- **Short text fragments from websites**:
:::::

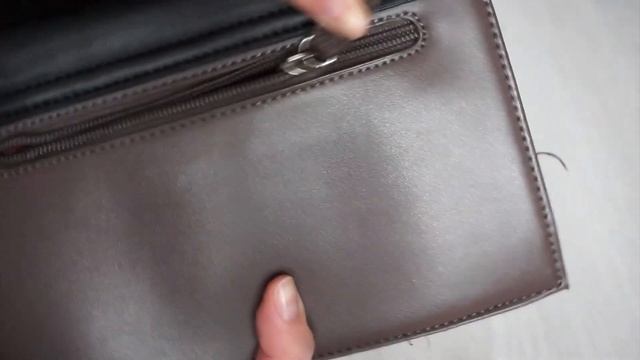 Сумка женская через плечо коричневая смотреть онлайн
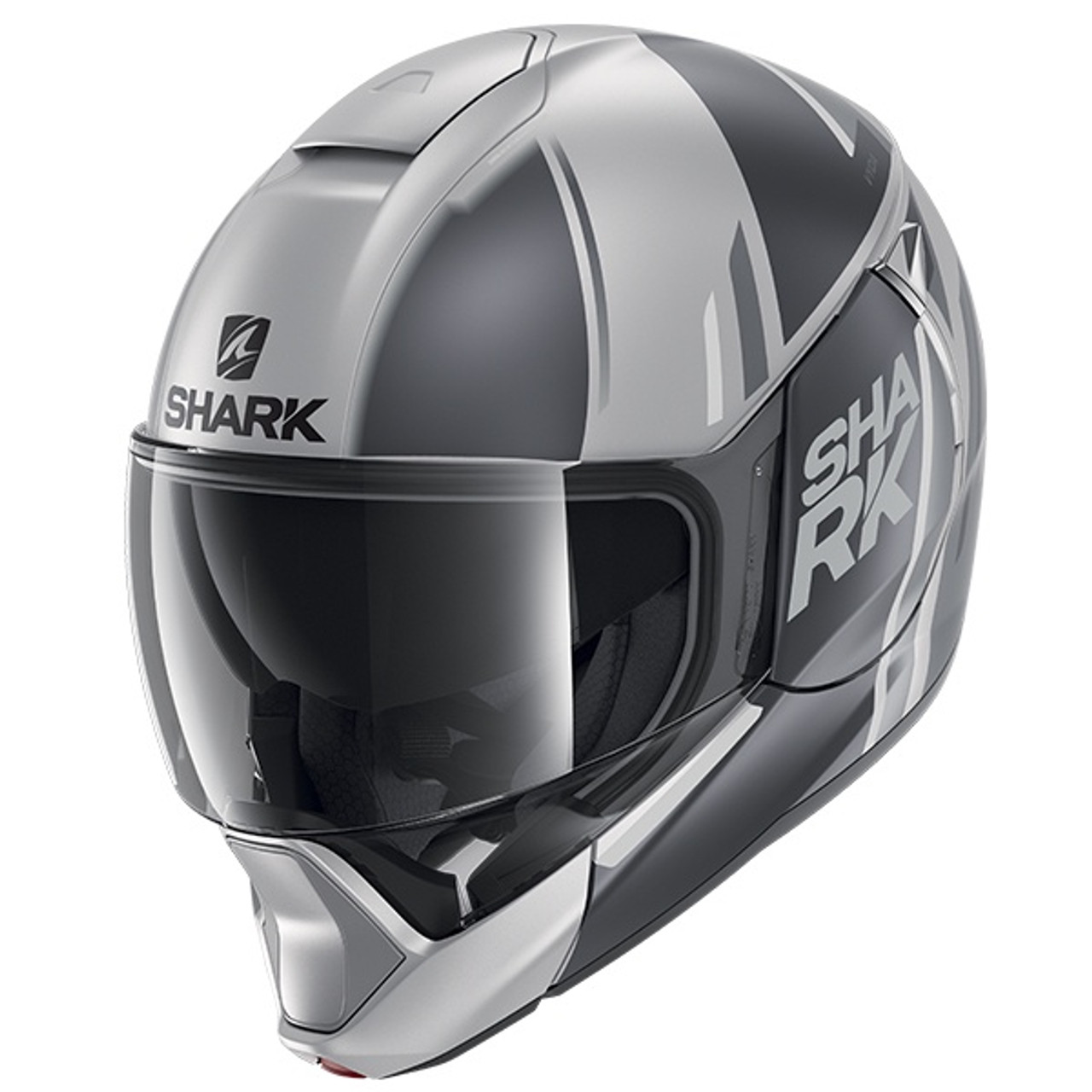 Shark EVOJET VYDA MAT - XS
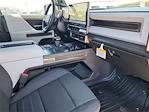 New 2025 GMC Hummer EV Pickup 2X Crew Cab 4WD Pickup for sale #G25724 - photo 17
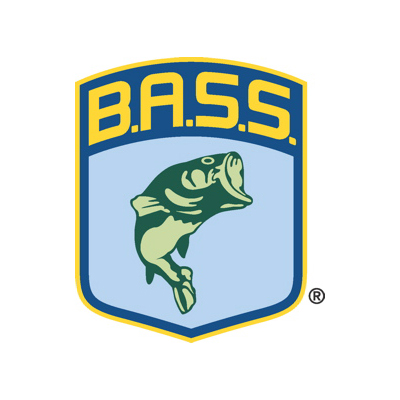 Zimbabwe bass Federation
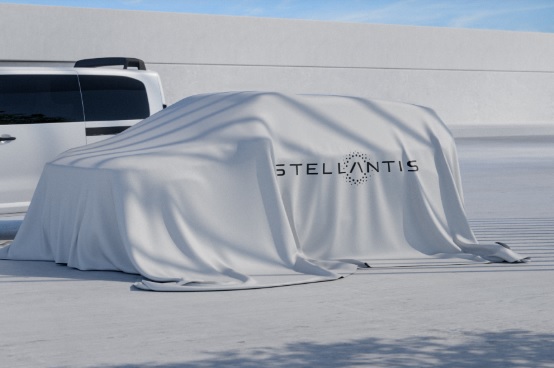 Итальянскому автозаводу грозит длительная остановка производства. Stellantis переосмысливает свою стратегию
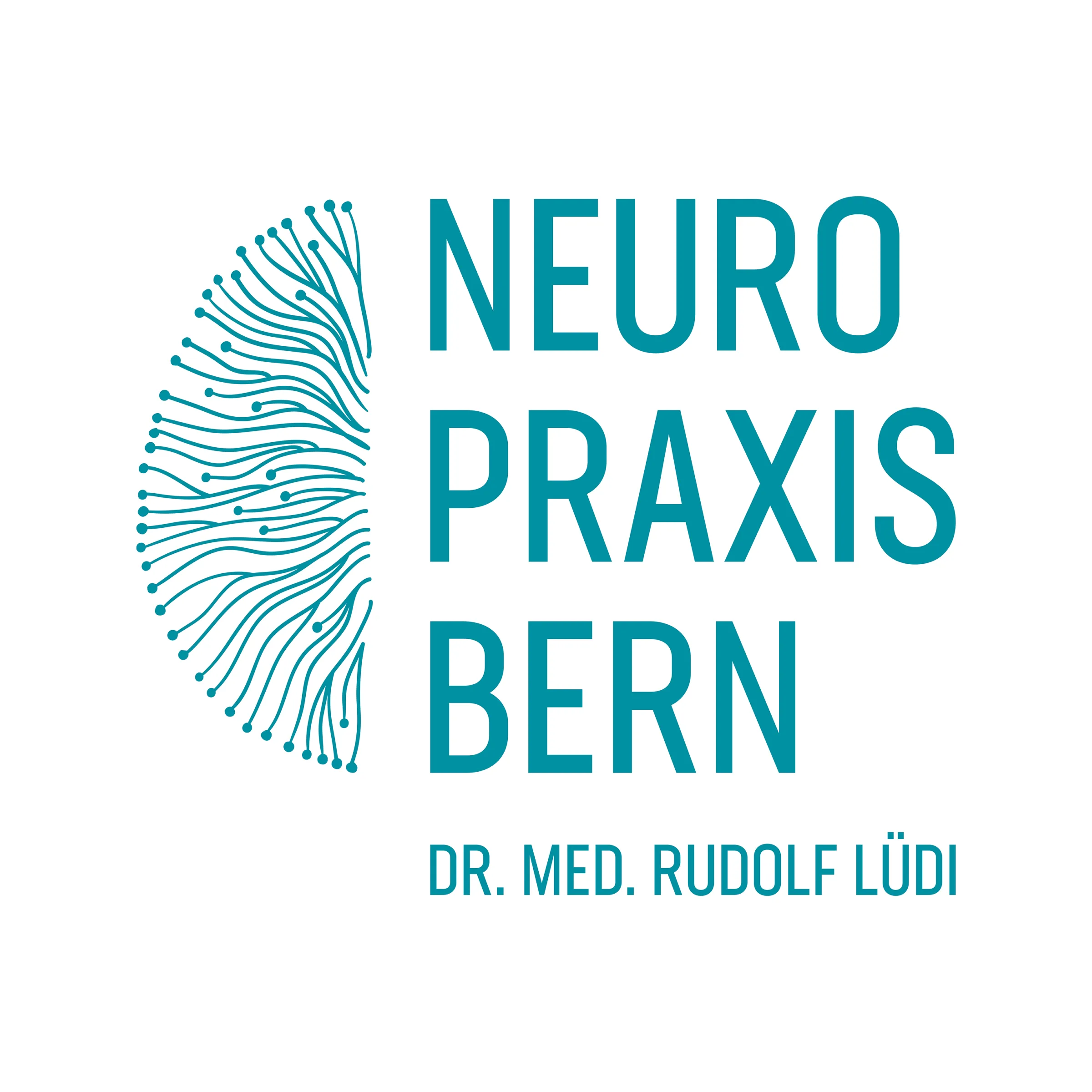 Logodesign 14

:::::

- **What to produce**:
Omitting all images, retype each line of the records precisely.

- **Task output**:
 Сумка женская через плечо коричневая смотреть онлайн
 Shark EVOJET VYDA MAT - XS
 New 2025 GMC Hummer EV Pickup 2X Crew Cab 4WD Pickup for sale #G25724 - photo 17
 Zimbabwe bass Federation
 Итальянскому автозаводу грозит длительная остановка производства. Stellantis переосмысливает свою стратегию
 Logodesign 14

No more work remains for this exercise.